LightningIRCLI
- class lightning_ir.main.LightningIRCLI(model_class: type[~lightning.pytorch.core.module.LightningModule] | ~typing.Callable[[...], ~lightning.pytorch.core.module.LightningModule] | None = None, datamodule_class: type[~lightning.pytorch.core.datamodule.LightningDataModule] | ~typing.Callable[[...], ~lightning.pytorch.core.datamodule.LightningDataModule] | None = None, save_config_callback: type[~lightning.pytorch.cli.SaveConfigCallback] | None = <class 'lightning.pytorch.cli.SaveConfigCallback'>, save_config_kwargs: dict[str, ~typing.Any] | None = None, trainer_class: type[~lightning.pytorch.trainer.trainer.Trainer] | ~typing.Callable[[...], ~lightning.pytorch.trainer.trainer.Trainer] = <class 'lightning.pytorch.trainer.trainer.Trainer'>, trainer_defaults: dict[str, ~typing.Any] | None = None, seed_everything_default: bool | int = True, parser_kwargs: dict[str, ~typing.Any] | dict[str, dict[str, ~typing.Any]] | None = None, parser_class: type[~lightning.pytorch.cli.LightningArgumentParser] = <class 'lightning.pytorch.cli.LightningArgumentParser'>, subclass_mode_model: bool = False, subclass_mode_data: bool = False, args: list[str] | dict[str, ~typing.Any] | ~jsonargparse._namespace.Namespace | None = None, run: bool = True, auto_configure_optimizers: bool = True, load_from_checkpoint_support: bool = True)[source]
Bases:
LightningCLILightning IR Command Line Interface that extends PyTorch LightningCLI for information retrieval tasks.
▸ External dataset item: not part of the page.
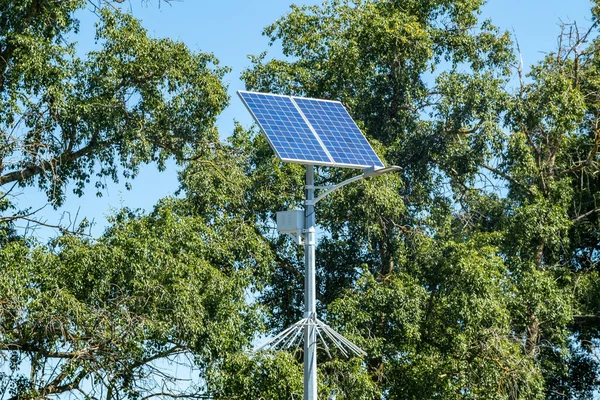 Lamp post with solar panel system on road with blue sky and trees. Autonomous street lighting using solar panels. Street lamp, on batteries from the sun. Alternative renewable energy systems on the street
This CLI provides a unified command-line interface for fine-tuning neural ranking models and running information retrieval experiments. It extends the PyTorch LightningCLI with IR-specific subcommands and automatic configuration management for seamless integration between models, data, and training.
Examples
Command line usage:
# Fine-tune a model lightning-ir fit --config fine-tune.yaml # Index documents lightning-ir index --config index.yaml # Search for documents lightning-ir search --config search.yaml # Re-rank documents lightning-ir re_rank --config re-rank.yaml # Generate default configuration lightning-ir fit --print_config > config.yamlProgrammatic usage:
from lightning_ir.main import LightningIRCLI, LightningIRTrainer, LightningIRSaveConfigCallback # Create CLI instance cli = LightningIRCLI( trainer_class=LightningIRTrainer, save_config_callback=LightningIRSaveConfigCallback, save_config_kwargs={"config_filename": "pl_config.yaml", "overwrite": True} )YAML configuration example:
model: class_path: lightning_ir.BiEncoderModule init_args: model_name_or_path: bert-base-uncased loss_functions: - class_path: lightning_ir.InBatchCrossEntropy data: class_path: lightning_ir.LightningIRDataModule init_args: train_dataset: class_path: lightning_ir.TupleDataset init_args: dataset_id: msmarco-passage/train/triples-small train_batch_size: 32 trainer: max_steps: 100000 precision: "16-mixed" optimizer: class_path: torch.optim.AdamW init_args: lr: 5e-5Note
Automatically links model and data configurations (model_name_or_path, config)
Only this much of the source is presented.